Following the initial six-week consultation, the council moved to stage two of the consultation in February 2015 despite opposition from the local community, which is the publication of a 'statutory notice'. Rosie Cooper said, "Whilst this decision is unwelcome news, I will continue to stand shoulder to shoulder with parents and pupils" and had questioned the Minister of State for Schools over the possible conflict of interest of the council's Director of Education, who was also the chair of the Glenburn Educational Trust. Stage three involved a further four-week statutory consultation period following the publication of the formal proposals, which allowed interested parties to submit their comments, objections as well as those in support, before a final decision is made.

On 19 May 2015, the council agreed to close the school on 31 August 2016 due to consistently poor results, despite the range of additional support that was provided by the council, and low pupil numbers, which "made it difficult for it to provide a broad and balanced education" and impacted the school's finances and standards. At the time, it had 320 students compared to the school's capacity of more than 1,000 and was noted for having the worst GCSE results in Lancashire. The decision was widely criticised including Rosie Cooper who had been campaigning with students, parents, staff and the local community to keep the school open, stating the concerns over "the lack of clarity and commitment and support for existing pupils, especially those taking their GCSEs" and referred to the closure as being the "cheap and easy option". Cooper also said "This entire process from start to finish has been a huge mess. It has been flawed and I fear the impact this will have on pupils and their families" and "Despite 95% being opposed to the closure they are still pushing ahead with it".

County councillor Matthew Tomlinson said Ofsted inspectors had been concerned for many years and if the council had not closed the school, the Department for Education "would probably make us do so". Year 7 and 9 students moved to a different school in September 2015 while Year 8 and 10 completed their Key Stage 3 and GCSE studies.

==== Unsuccessful appeal ====
Parents, students and staff subsequently launched an appeal to the Office of the Schools Adjudicator, noting the unhappiness over the consultation process and the impact it will have on the local community, including the lack of parental choice, the future need for school places, transport issues and the loss of facilities.

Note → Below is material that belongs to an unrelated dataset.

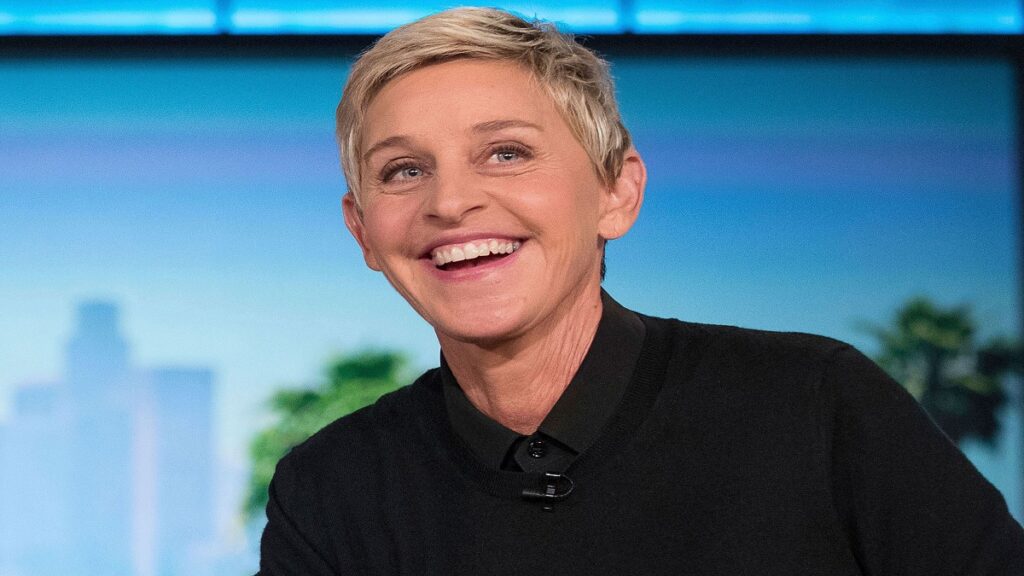 Ellen DeGeneres Is Alive: What Happened To American Comedian Ellen ...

It was the last chance for over-turning the closure decision but was unsuccessful after being confirmed it would go ahead in August 2015. The following month, two councillors had written to the Secretary of State for Education Nicky Morgan to reject the closure.

==== Vandalism and fires ====
Following the closure, the building was subject to heavy vandalism and concerns were raised by Skelmersdale North Councillor Neil Furey after visiting the site in October 2016, describing it as "a disgrace and resembles a war zone", and "calling for the site to be made more secure and that an urgent resolution is sought to deal with this matter". It was also subject to multiple fires; September 2016, November 2016, November 2018 and seven fires over four days in April 2019.

===Proposed railway station===
As part of a plan to provide a railway station for Skelmersdale, Lancashire County Council announced in 2017 that they had identified the site of the former college as the preferred location for a new station. The plan, in partnership with Merseytravel and West Lancashire Borough Council, was devised from studies by Network Rail and recommended the site as the best location. The council began negotiations to buy the site from the current owners, Newcastle College.